In short order everyone in the world has proof that virtual heaven is real, and that uploading works. The world changes, and uploading becomes the norm. We become an em society.
Someone creates a real Harry Potter sim, and when Harry enters the ‘real’ world above he then wants to bring back his fictional parents. So it goes.
Then the next step is insurance for the living. Accidents can destroy or damage your brain—why risk that? So the AIs can create a simulated copy of the earth, kept up to date in real time through the ridiculous pervasive sensor monitoring of the future.
Eventually everyone realizes that they are already sims created by the AI.
It sucks to be an original—because there is no heaven if you die. It is awesome to be a sim, because we get a guaranteed afterlife.
I wonder if you might expand on your thoughts on this a bit more. I tend to think that the odds of being in a simulation are quite low as well, but for me the issue is more the threat of extinction than a lack of will.
I can think of some reasons why, even if we could build such simulations, we might not, but I feel that this area is a bit fuzzy in my mind. Some ideas I already have: 1) Issues with the theory of identity 2) Issues with theory of mind 3) Issues with theory of moral value (creating lots high quality lives not seen as valuable, antinatalism, problem of evil) 4) Self-interest (more resources for existing individuals to upload into and utilize) 5) The existence of a convincing two-boxer “proof” of some sort
I also would like to know why an “enthusiastic takeup of the ideas in this post” would not increase your credence significantly? I think there is a very large chance of these ideas not being taken up enthusiastically, but if they were, I am not sure what, aside from extinction, would undermine them. If we get to the point where we can do it, and we want to do it, why would we not do it?
Thank you in advance for any insight, I have spent too long chewing on this without much detailed input, and I would really value it.
I’m not sure I have much to say that you won’t have thought of already. But: First of all, there seem to be lots of ways in which we might fail to develop such technology.

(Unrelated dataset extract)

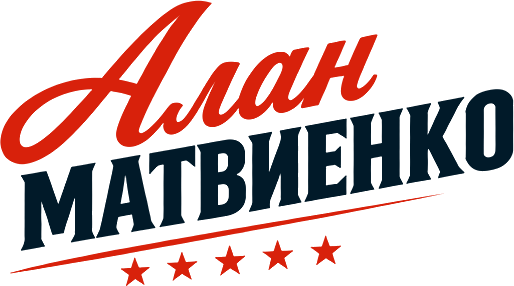 Алан Матвиенко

We might go extinct or our civilization collapse or something of the kind (outright extinction seems really unlikely, but collapse of technological civilization much more likely). It might turn out that computational superpowers just aren’t really available—that there’s only so much processing power we have any realistic way of harnessing. It might turn out that such things are possible but we simply aren’t smart enough to find our way to them.
Second, if we (or more precisely our successors, whoever or whatever they are) develop such computational superpowers, why on earth use them for ancestor simulations? In this sort of scenario, maybe we’re all living in some kind of virtual universe; wouldn’t it be better to make other minds like ours sharing our glorious virtual universe rather than grubbily simulating our ancestors in their grotty early 21st-century world? Someone else—entirelyuseless? -- observed earlier in the thread that some such simulation might be necessary in order to figure out enough about our ancestors’ minds to simulate them anywhere else, so it’s just possible that grotty 21st-century ancestor sims might be a necessary precursor to glorious 25th-century ancestor sims; but why ancestors anyway? What’s so special about them, compared with all the other possible minds?
Third, supposing that we have computational superpowers and want to simulate our ancestors, I see no good reason to think it’s possible. The information it would take to simulate my great-great-grandparents is dispersed and tangled up with other information, and figuring out enough about my great-great-grandparents to simulate them will be no easier than locating the exact oxygen atoms that were in Julius Caesar’s last breath. All the relevant systems are chaotic, measurement is imprecise, and surely there’s just no reconstructing our ancestors at this point.
Fourth, it seems quite likely that our superpowered successors, if we have them, will be no more like us than we are like chimpanzees. Perhaps you find it credible that we might want to simulate our ancestors; do you think we would be interested in simulating our ancestors 5 million years ago who were as much like chimps as like us?
Absolutely. I think this is where this thing most likely fails. Somewhere in the first disjunct. My gut does not think I am in a simulation, and while that is not at all a valid way to acquire knowledge, it is the case that it leans me heavily into this.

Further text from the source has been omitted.